I am reading "Measure, Integration & Real Analysis" by Sheldon Axler.
The following exercise is Exercise 4 on p.23 in Exercises 2A in this book.
Exercise 4 on p.23
Suppose $F$ is a subset of $\mathbb{R}$ with the property that every open cover of $F$ has a finite subcover. Prove that $F$ is closed and bounded.
My proof:
The collection $\{ (k,k+2): k\in\mathbb{Z}\}$ is an open cover of $\mathbb{R}$.
So, this collection is also an open cover of $F$.
$F$ has a finite subcover $\{(k_1,k_1+2), (k_2,k_2+2),\dots,(k_n,k_n+2)\}$.
Let $U:=\max\{k_1+2,\dots,k_n+2\}$.
Let $L:=\min\{k_1,\dots,k_n\}$.
Then, $L<x<U$ for any $x\in F$.
So, $F$ is bounded.
Assume that $F$ is not closed.
Then, $\mathbb{R}\setminus F$ is not open.
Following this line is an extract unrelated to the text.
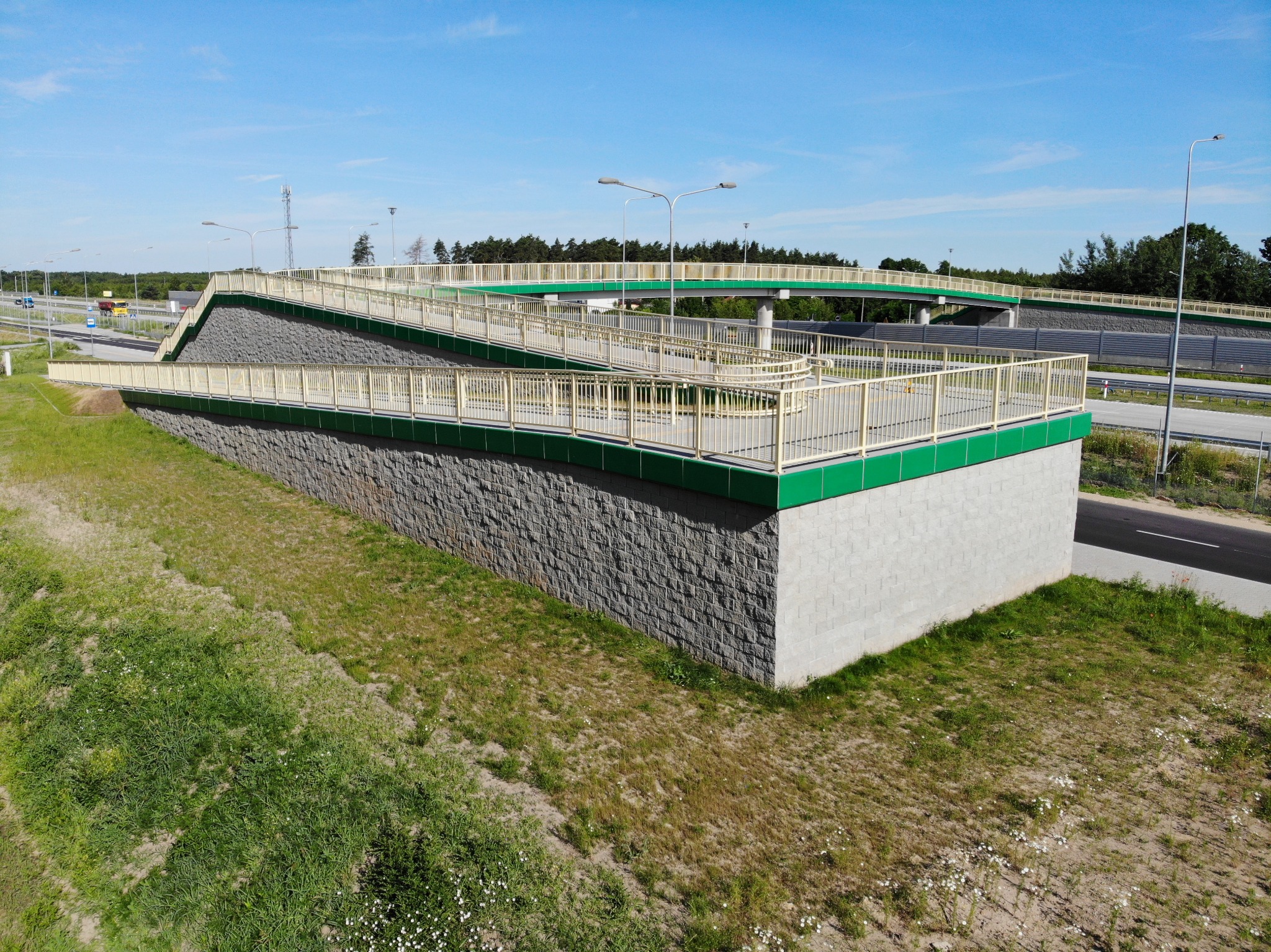 Betonowy wiadukt dla pieszych i rowerzystów z rampami, zielonymi akcentami i szarym kamiennym wykończeniem, wkomponowany w krajobraz z drogą i drzewami w tle.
So, there exists $x_0\in\mathbb{R}\setminus F$ such that $(x_0-\epsilon,x_0+\epsilon)\not\subset\mathbb{R}\setminus F$ for any positive real number $\epsilon$.
So, $(x_0-\epsilon,x_0+\epsilon)$ has an element of $F$ for any positive real number $\epsilon$.
So, $L\leq x_0\leq U$ must hold.
So, $x_0\in (L-1,U+1)$.
There exists $m\in\mathbb{Z}^+$ such that $L-1<x_0-\frac{1}{m}<x_0<x_0+\frac{1}{m}<U+1$.
Then, $$\{(L-1,x_0-\frac{1}{m}),(L-1,x_0-\frac{1}{m+1}),\dots\}\cup\{(x_0+\frac{1}{m},U+1),(x_0+\frac{1}{m+1},U+1),\dots\}$$ is an open cover of $F$.
Since $(x_0-\epsilon,x_0+\epsilon)$ has an element of $F$ for any positive real number $\epsilon$, $F$ doesn't have a finite subcover of the above open cover.
This is a contradiction.
I think my proof is not a standard one.
So, I don't know my proof is ok or not.
Is my proof ok?
Best Answer
In a word, yes.
I feel vaguely that it might be possible to simplify the proof that $F$ is closed, but it's a nice proof. You might want to expand slightly on why your construction using $m$ gives an open cover of $F$: it covers everything in $(L - 1, U + 1)$ except $x_0$, and $x_0 \notin F$.